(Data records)
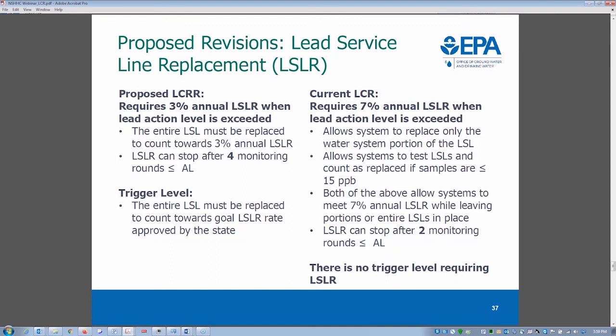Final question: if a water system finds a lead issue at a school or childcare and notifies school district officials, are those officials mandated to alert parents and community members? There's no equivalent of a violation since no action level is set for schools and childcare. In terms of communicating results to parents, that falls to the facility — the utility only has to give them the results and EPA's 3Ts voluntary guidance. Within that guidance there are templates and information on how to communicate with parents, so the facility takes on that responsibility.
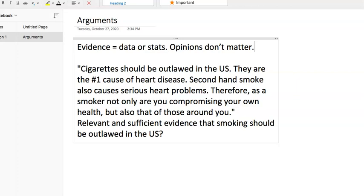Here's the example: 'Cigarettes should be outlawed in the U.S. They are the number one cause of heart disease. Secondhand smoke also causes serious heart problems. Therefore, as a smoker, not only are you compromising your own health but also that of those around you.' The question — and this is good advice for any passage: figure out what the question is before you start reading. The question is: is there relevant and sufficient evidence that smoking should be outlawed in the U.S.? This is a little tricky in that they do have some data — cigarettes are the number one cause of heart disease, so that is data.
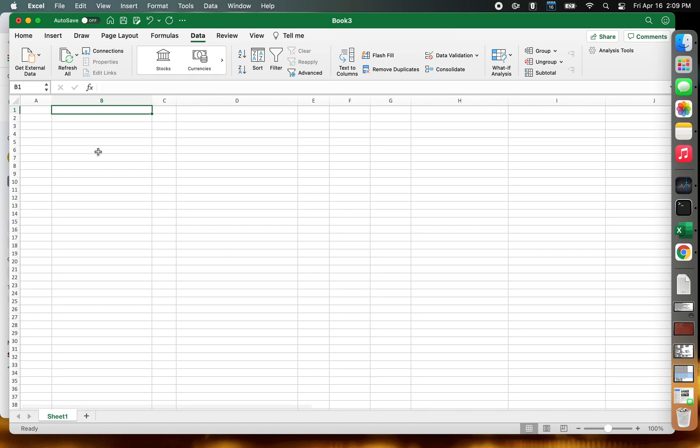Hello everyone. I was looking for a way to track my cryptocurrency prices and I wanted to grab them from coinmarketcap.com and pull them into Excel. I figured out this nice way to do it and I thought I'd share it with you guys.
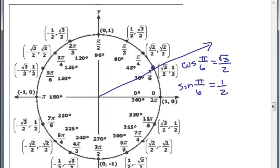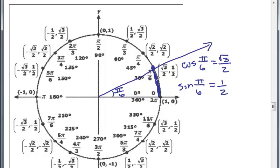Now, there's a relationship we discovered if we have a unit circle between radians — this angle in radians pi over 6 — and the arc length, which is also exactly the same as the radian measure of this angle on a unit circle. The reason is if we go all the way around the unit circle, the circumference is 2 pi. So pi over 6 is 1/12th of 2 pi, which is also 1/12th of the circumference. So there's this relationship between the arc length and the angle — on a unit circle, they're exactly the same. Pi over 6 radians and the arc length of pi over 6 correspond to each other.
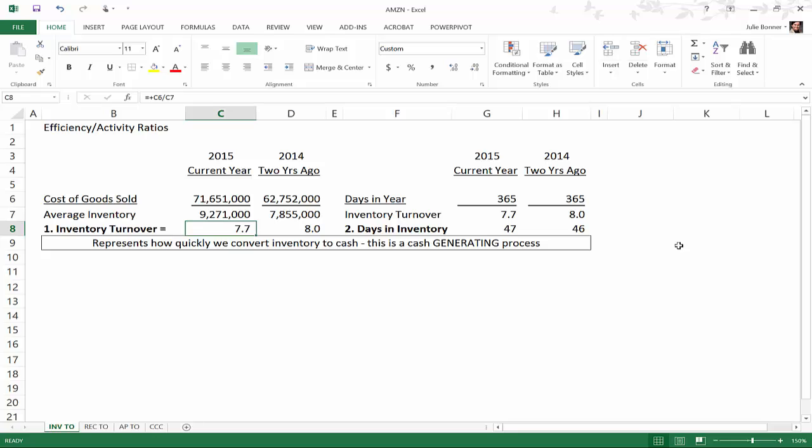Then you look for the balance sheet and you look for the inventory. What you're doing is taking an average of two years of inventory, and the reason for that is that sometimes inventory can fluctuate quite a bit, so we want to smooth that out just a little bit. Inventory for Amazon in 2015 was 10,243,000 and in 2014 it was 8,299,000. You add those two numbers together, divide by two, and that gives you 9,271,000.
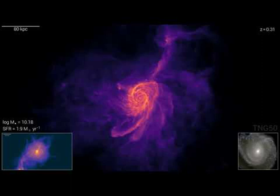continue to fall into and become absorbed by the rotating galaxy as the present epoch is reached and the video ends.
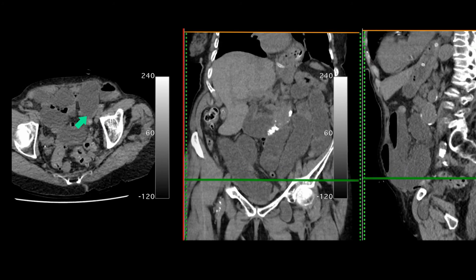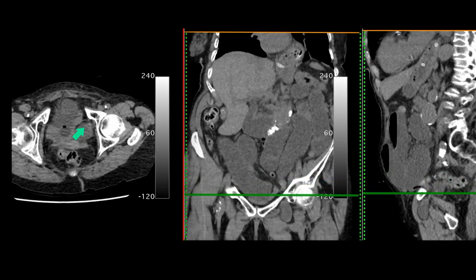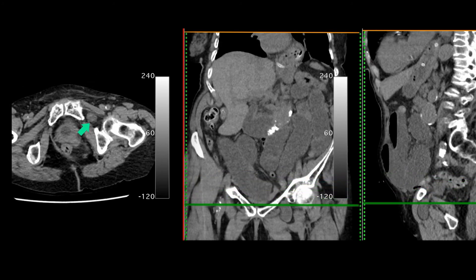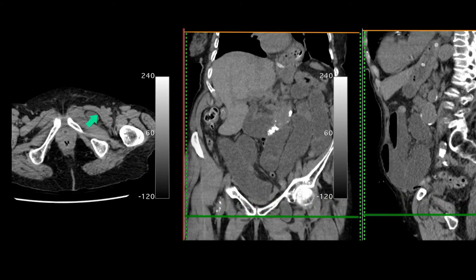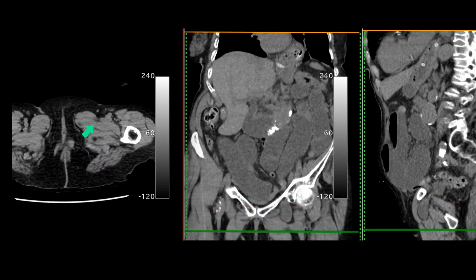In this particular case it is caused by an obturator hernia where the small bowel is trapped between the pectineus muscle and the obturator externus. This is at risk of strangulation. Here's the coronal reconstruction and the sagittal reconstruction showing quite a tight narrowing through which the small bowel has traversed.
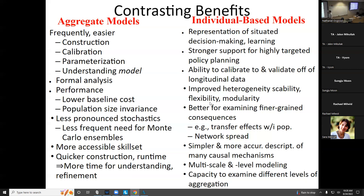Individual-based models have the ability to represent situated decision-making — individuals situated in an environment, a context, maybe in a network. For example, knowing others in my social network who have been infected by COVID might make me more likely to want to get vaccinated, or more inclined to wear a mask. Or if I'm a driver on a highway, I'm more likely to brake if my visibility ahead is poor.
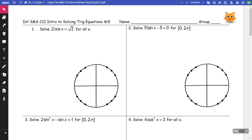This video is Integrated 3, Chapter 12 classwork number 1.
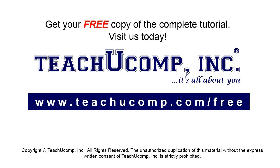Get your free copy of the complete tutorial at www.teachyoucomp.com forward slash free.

-- YOUR ASSIGNMENT --
Print an exact copy of the lines above, from the one containing "Individual-based models have" through the one containing "This video is", and leave out the pictures.

-- ANSWER SPACE --
Individual-based models have the ability to represent situated decision-making — individuals situated in an environment, a context, maybe in a network. For example, knowing others in my social network who have been infected by COVID might make me more likely to want to get vaccinated, or more inclined to wear a mask. Or if I'm a driver on a highway, I'm more likely to brake if my visibility ahead is poor.
This video is Integrated 3, Chapter 12 classwork number 1.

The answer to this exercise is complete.